Within the entries below, the lines from the one with "from 11/18/25, 05:56" through the one with "A DIMINUTIVE GEORGE" are to be set down exactly, both ends kept.

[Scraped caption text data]

-- Opening Marker --

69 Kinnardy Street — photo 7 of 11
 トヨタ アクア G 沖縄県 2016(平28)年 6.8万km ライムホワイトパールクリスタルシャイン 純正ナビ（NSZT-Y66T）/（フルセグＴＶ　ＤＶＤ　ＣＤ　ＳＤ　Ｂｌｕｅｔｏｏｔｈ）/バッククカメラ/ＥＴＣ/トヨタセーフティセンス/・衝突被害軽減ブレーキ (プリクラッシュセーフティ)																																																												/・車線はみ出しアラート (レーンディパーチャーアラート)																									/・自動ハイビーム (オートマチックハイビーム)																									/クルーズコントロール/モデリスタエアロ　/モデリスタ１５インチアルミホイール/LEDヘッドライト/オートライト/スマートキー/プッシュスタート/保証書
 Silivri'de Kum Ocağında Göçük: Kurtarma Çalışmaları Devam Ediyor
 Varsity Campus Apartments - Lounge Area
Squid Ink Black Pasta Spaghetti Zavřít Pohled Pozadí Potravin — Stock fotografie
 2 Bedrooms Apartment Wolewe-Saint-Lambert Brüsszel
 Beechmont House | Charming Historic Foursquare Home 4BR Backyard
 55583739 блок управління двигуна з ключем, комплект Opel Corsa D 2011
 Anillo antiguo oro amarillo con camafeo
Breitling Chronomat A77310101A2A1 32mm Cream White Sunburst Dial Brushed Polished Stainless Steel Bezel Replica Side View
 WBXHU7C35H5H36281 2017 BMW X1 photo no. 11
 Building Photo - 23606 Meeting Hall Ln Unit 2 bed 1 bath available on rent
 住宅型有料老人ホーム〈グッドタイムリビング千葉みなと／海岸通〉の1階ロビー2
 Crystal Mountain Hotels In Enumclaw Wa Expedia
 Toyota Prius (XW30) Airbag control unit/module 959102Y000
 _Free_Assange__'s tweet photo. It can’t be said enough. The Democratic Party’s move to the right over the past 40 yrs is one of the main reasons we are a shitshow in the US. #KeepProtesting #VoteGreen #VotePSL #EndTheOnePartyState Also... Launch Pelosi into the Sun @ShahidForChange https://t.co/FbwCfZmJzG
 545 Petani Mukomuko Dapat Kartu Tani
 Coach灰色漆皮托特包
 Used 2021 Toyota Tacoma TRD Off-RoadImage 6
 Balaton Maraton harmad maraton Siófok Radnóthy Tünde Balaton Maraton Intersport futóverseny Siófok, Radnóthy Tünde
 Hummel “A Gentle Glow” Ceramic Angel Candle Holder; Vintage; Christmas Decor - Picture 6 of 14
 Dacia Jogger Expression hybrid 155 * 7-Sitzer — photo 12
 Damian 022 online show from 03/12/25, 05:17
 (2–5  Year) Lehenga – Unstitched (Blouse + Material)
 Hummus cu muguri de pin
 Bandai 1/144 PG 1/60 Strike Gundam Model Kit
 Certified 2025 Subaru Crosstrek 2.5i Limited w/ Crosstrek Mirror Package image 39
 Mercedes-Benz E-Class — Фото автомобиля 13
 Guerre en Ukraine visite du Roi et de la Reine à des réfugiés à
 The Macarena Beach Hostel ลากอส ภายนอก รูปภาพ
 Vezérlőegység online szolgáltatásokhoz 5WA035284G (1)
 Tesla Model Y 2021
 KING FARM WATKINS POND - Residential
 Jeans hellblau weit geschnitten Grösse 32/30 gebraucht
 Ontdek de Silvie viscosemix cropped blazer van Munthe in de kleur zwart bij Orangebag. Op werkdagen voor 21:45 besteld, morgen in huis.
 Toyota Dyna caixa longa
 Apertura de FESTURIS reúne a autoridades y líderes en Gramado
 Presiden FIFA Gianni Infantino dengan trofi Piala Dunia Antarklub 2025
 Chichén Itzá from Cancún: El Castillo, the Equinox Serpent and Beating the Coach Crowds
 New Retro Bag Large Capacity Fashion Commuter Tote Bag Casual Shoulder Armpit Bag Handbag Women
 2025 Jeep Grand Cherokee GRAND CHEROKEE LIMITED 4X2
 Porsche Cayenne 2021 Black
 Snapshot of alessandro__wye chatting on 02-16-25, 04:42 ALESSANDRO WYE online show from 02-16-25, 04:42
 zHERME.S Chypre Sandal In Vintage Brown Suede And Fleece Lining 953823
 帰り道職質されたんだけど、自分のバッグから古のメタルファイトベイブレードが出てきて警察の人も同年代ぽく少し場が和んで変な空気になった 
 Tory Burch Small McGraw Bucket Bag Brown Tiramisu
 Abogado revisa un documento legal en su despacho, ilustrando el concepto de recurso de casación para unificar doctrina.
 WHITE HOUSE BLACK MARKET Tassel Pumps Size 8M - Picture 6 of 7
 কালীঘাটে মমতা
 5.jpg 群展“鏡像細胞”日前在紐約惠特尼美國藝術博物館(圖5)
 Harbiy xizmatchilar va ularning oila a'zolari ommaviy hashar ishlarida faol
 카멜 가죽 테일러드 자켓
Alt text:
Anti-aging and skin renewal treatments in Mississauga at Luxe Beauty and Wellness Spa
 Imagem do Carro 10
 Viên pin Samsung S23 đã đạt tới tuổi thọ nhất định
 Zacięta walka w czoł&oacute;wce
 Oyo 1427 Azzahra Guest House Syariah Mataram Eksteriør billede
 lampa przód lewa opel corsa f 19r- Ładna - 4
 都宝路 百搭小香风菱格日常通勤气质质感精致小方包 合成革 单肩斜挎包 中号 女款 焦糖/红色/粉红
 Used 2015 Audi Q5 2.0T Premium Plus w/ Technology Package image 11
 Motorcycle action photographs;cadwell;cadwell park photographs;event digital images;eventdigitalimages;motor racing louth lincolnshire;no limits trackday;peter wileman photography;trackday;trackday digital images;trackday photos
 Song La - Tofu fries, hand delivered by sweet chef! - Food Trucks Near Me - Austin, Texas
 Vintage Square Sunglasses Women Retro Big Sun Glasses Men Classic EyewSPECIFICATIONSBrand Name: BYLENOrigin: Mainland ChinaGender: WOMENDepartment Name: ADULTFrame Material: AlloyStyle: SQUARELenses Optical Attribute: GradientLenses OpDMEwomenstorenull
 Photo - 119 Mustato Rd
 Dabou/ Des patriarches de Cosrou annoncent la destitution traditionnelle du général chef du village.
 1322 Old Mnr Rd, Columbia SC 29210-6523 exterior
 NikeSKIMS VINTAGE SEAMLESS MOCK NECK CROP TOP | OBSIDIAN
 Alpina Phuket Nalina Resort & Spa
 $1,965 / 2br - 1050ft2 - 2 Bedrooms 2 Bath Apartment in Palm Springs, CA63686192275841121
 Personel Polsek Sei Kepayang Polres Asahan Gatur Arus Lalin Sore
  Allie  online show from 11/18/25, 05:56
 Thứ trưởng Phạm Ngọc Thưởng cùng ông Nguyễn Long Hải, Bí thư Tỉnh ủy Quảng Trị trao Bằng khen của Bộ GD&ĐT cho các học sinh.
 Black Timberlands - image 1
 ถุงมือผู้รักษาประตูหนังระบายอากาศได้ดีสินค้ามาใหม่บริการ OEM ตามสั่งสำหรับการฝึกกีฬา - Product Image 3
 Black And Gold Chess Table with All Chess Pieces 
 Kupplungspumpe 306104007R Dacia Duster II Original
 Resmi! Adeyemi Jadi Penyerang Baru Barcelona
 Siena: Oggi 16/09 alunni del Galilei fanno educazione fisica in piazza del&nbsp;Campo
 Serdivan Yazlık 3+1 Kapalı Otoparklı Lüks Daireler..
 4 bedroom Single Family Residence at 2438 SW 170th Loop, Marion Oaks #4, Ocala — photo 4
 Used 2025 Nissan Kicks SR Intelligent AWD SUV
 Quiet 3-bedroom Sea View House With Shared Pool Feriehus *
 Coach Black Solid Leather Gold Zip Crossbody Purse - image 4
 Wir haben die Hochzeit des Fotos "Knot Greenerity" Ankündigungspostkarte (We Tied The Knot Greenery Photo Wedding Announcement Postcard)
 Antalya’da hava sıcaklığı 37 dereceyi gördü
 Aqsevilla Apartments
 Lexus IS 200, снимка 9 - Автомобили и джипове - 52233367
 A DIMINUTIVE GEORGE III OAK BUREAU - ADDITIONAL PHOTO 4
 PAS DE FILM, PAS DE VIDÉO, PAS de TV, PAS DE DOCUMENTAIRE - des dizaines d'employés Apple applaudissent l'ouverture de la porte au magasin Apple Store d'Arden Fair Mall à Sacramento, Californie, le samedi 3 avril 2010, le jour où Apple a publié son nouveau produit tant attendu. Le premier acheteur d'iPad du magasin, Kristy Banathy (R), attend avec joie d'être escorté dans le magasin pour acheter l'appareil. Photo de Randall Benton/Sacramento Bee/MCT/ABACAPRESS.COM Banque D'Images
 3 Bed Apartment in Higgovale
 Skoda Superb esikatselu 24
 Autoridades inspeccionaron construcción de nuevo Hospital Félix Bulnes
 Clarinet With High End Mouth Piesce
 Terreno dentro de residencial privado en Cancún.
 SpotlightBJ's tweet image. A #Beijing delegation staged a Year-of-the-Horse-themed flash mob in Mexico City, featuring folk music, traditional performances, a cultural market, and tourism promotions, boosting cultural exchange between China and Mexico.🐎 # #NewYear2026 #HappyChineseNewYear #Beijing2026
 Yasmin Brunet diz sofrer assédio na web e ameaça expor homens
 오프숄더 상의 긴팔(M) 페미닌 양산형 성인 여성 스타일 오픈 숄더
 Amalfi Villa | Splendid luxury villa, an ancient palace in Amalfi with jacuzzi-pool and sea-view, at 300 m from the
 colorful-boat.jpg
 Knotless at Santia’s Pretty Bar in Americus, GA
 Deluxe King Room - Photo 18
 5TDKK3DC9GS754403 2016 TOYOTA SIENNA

-- Closing Marker --

> [ANSWER SECTION]:
  Allie  online show from 11/18/25, 05:56
 Thứ trưởng Phạm Ngọc Thưởng cùng ông Nguyễn Long Hải, Bí thư Tỉnh ủy Quảng Trị trao Bằng khen của Bộ GD&ĐT cho các học sinh.
 Black Timberlands - image 1
 ถุงมือผู้รักษาประตูหนังระบายอากาศได้ดีสินค้ามาใหม่บริการ OEM ตามสั่งสำหรับการฝึกกีฬา - Product Image 3
 Black And Gold Chess Table with All Chess Pieces 
 Kupplungspumpe 306104007R Dacia Duster II Original
 Resmi! Adeyemi Jadi Penyerang Baru Barcelona
 Siena: Oggi 16/09 alunni del Galilei fanno educazione fisica in piazza del&nbsp;Campo
 Serdivan Yazlık 3+1 Kapalı Otoparklı Lüks Daireler..
 4 bedroom Single Family Residence at 2438 SW 170th Loop, Marion Oaks #4, Ocala — photo 4
 Used 2025 Nissan Kicks SR Intelligent AWD SUV
 Quiet 3-bedroom Sea View House With Shared Pool Feriehus *
 Coach Black Solid Leather Gold Zip Crossbody Purse - image 4
 Wir haben die Hochzeit des Fotos "Knot Greenerity" Ankündigungspostkarte (We Tied The Knot Greenery Photo Wedding Announcement Postcard)
 Antalya’da hava sıcaklığı 37 dereceyi gördü
 Aqsevilla Apartments
 Lexus IS 200, снимка 9 - Автомобили и джипове - 52233367
 A DIMINUTIVE GEORGE III OAK BUREAU - ADDITIONAL PHOTO 4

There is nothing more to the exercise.